Now, 30% of the EU's fertiliser imports came from Russia and Belarus (28% plus 2%, respectively), twice that of nearest competitor, Egypt, with 15%. According to Grupa Azoty, in the last year, imports from Russia increased more than 40%, from 2.8m tonnes to 3.7m.
The most alarming increase was in Poland, with Russia and Belarus supplying 22% and 15% respectively of fertiliser imports in 2022, rising to 38% and 4% in 2023, and in the first three quarters of 2024, the share of Russia went to 65%. Russia is pushing competitors out of the EU market.
Further afield, aggressive discount sales of Russian fertilisers have made it the largest supplier of fertilisers to India. In 2018, China had 31% of the market and Russia only 5%, by 2023, it was 15% for China and 20% for Russia.
The fertiliser boom has helped Russia to ease the budget burden caused by the war in Ukraine and the need to increase defence spending, according to Grupa Azoty.
Fertilisers Europe agrees and calls for urgent action to stop Russian fertilisers financing the war and to safeguard the EU’s food and fertiliser autonomy.
And high Russian fertiliser profits have swelled the country's 10% tax on excess profit introduced this year. Meanwhile, profits at European fertiliser companies slumped (Norway's Yara, which claims to be the only global crop nutrition company, has seen profits slump from a record €2.5bn in 2022 to €51m in 2023).
Over the past seven years, fertiliser production in Russia increased by 33%, from 45m tonnes to 65mt. This is part of a multi-year development of Russian agriculture planned by the Kremlin to transform the largest country in the world from an importer of agricultural products to an exporter.
Having banned agri-food imports from Western countries in 2014, Russia developed huge farms, subsidised agricultural exports, and attracted international investors into their agricultural sector. Grain exports have become one of Russia's instruments of geopolitical influence and a source of foreign exchange earnings. Alongside this, measures were taken to ensure cheap fertilisers were available for Russian farmers, and for profitable export.

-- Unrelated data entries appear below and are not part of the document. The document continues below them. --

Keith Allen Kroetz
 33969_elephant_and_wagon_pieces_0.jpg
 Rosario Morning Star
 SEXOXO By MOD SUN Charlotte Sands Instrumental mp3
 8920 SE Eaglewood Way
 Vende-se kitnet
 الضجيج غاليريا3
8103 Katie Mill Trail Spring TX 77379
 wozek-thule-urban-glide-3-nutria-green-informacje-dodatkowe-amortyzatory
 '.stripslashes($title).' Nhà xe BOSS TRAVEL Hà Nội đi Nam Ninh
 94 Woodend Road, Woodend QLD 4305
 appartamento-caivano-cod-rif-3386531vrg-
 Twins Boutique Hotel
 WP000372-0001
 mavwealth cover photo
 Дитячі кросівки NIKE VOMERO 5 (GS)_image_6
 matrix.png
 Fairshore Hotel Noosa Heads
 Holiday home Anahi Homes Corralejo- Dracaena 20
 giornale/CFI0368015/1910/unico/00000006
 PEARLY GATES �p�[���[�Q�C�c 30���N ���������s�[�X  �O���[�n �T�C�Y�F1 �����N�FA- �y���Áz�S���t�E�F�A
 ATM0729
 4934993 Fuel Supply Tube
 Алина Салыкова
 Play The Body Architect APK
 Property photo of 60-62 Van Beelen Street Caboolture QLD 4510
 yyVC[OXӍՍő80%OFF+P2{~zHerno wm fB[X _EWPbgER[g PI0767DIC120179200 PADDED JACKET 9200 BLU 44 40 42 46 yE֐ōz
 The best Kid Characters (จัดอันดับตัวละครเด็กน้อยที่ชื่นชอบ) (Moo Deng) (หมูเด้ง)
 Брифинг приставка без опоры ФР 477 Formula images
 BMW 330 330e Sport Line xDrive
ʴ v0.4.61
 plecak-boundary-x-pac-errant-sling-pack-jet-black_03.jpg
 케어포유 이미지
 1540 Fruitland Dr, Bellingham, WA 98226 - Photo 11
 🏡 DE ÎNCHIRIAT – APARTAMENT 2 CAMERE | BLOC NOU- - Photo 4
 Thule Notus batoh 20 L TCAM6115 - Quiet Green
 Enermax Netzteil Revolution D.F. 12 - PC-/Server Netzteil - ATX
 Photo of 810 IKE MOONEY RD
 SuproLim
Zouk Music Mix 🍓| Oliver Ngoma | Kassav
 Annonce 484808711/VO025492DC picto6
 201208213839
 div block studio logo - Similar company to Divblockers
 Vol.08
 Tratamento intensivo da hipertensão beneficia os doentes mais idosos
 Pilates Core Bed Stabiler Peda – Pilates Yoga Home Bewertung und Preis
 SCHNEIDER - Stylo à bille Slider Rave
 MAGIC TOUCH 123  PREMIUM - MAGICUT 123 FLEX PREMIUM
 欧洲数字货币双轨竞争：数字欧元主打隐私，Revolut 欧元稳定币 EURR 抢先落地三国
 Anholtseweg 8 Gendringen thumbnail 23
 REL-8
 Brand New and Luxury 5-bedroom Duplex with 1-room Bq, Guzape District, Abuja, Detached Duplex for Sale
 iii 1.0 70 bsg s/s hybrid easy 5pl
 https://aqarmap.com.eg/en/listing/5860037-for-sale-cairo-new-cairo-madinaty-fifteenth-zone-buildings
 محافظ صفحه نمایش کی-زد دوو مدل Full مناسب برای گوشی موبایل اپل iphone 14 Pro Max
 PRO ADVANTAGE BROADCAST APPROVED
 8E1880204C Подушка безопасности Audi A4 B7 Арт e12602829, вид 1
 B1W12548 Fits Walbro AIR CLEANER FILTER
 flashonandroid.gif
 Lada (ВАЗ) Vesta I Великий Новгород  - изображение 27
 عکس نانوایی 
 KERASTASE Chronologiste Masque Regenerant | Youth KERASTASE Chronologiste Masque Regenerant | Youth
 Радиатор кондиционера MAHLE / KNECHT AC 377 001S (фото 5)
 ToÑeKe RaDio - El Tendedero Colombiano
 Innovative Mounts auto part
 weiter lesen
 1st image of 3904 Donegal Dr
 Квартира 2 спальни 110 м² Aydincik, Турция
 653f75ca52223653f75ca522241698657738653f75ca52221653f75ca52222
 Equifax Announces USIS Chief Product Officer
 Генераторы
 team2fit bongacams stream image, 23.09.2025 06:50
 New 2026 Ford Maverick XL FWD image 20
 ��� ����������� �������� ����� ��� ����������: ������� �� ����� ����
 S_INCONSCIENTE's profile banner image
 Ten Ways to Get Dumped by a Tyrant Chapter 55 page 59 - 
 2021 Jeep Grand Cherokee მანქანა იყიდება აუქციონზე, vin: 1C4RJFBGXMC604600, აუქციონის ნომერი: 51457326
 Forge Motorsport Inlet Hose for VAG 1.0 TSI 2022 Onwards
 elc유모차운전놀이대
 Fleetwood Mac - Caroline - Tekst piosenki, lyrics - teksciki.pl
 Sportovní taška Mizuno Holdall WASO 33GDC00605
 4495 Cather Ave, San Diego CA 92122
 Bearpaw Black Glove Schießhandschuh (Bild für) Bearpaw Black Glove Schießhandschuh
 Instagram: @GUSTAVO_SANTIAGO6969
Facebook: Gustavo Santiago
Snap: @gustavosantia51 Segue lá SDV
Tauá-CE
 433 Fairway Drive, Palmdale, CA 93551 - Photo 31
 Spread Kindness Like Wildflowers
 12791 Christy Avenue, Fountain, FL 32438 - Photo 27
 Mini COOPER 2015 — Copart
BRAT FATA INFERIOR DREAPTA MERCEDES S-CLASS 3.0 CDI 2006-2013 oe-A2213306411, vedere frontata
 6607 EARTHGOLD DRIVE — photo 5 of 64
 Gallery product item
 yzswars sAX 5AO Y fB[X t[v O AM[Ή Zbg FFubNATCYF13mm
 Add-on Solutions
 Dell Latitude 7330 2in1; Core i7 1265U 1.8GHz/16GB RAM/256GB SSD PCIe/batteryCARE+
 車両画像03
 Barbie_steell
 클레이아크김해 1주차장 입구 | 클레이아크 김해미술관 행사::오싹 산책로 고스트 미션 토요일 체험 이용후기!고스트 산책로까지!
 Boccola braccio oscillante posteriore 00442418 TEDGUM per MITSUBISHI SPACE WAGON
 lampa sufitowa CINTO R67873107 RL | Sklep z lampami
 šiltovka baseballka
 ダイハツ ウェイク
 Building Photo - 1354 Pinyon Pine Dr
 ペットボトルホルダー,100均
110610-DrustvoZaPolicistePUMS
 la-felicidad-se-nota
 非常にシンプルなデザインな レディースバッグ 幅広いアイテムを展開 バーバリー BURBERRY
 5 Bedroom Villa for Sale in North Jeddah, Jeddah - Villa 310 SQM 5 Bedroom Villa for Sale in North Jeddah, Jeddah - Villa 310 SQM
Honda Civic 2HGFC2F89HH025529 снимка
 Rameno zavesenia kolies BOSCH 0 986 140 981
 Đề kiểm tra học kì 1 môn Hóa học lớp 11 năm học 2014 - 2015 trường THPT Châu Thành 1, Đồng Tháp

Over seven years to 2020, an estimated €19.4bn was allocated in support for Russian agriculture, according to Grupa Azoty. There are plans to grow production by 3% per annum, by increasing yearly support to about €9.5bn. The focus is on grain, including research for better varieties and new technology, and expanding export potential. Even global warming is helping, by freeing up new Russian lands for agriculture.
The Kremlin's agri-food policies have paid off. Russia's share of global wheat exports was 16% in 2021/22, about the same as the EU, and 2% ahead of Australia. Russia's share in 2022/23 grew to 22%, compared to 16% each for the EU and Canada, and 14% for Australia, Russia's share in 2023/24 is 24%, compared to 16% each for the EU and Canada, and 8-10% each for Australia, the USA and Ukraine.
Russian exports of agri-food products rose from €8.1bn in 2010 to €41.6bn in 2022.